I'll apply this method to the exercise you already solved, so that you can work the second one on your own. In the frequency domain, your exercise can be stated as follows:
$$G(\omega)=\frac{1}{2\pi}X(\omega) *[\pi\delta(\omega-1)+\pi\delta(\omega+1)]$$
Remember that convolving signals with Dirac deltas can be easily made graphically.
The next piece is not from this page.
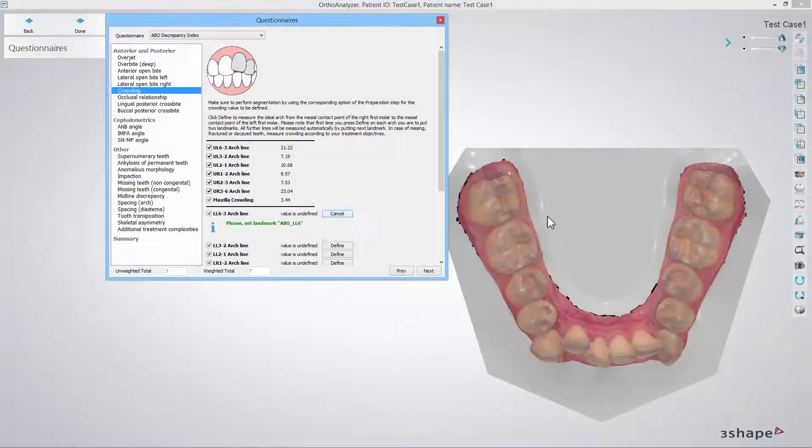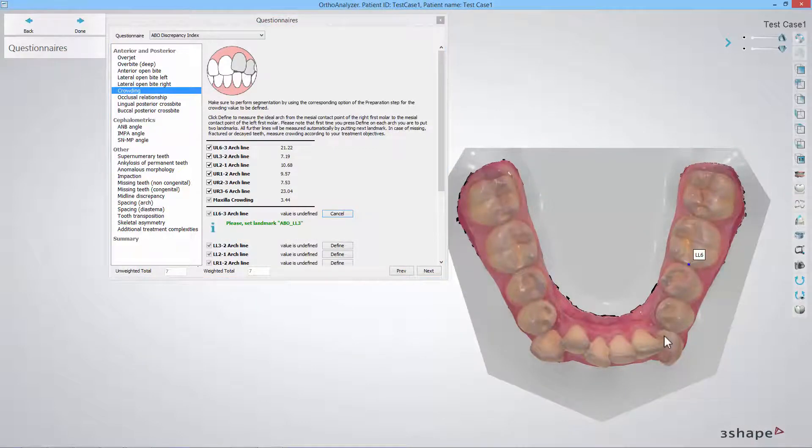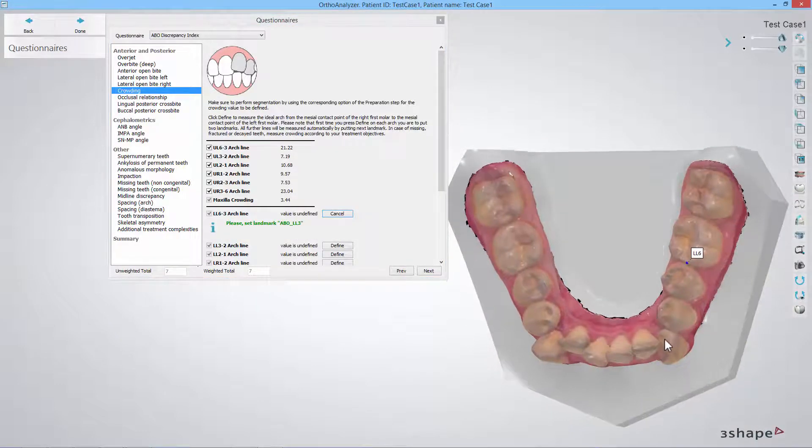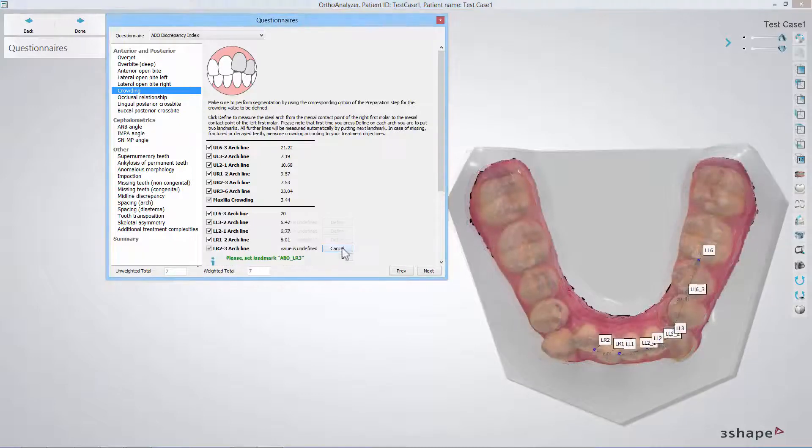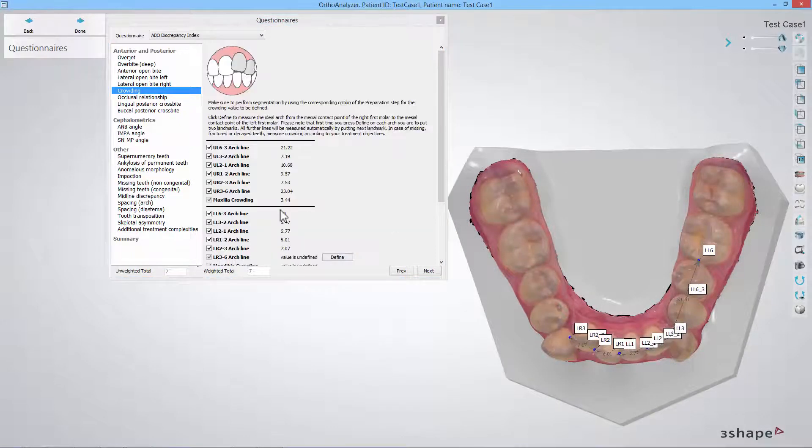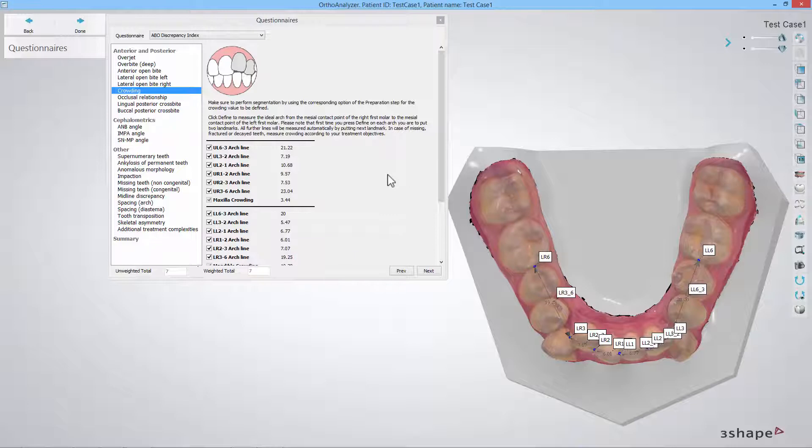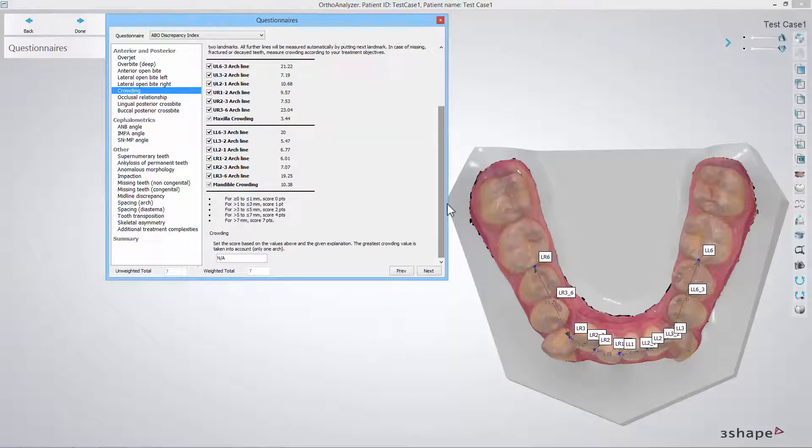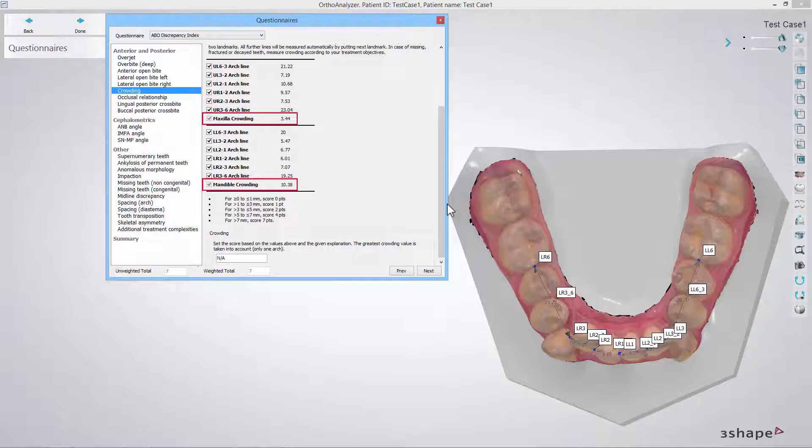Then do the same for the mandible ideal arch. Now when you're done both the maxilla crowding and the mandible crowding values will be shown based on your ideal arch and the segmentation data.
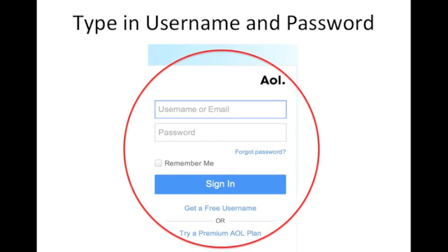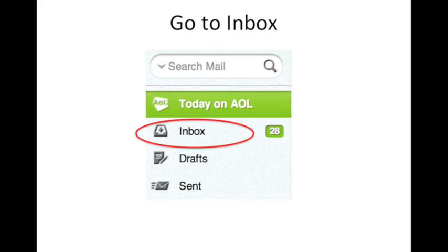Your password should be at least 8 characters long with a number and symbol in it. When you get to your email home page, go to the inbox and click it.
It's just centering the signal being convolved (in this case, $X(\omega$)) in the position where the impulses are.
Notice that when the impulses are centered in $\omega=\pm1$, if $X(\omega)$ was a rectangular pulse of width $2$ and amplitude $2$ as well, then the convolution would return a rectangular pulse of width $4$ (one for each impulse, and as they don't overlap they keep the rectangular shape) of amplitude $2\pi$. But because convolution in the frequency domain has to be divided by $2\pi$ when going back to the time domain, we get that if $X(\omega)=\mathrm{rect}(\omega/2)$, then the equality holds. That transform corresponds indeed to the signal $x(t)$ you found using the trigonometric identity.
See that this approach is useful for any position of the Dirac deltas. In the second case, they are at $\omega=\pm 2/3$. Can you solve it now?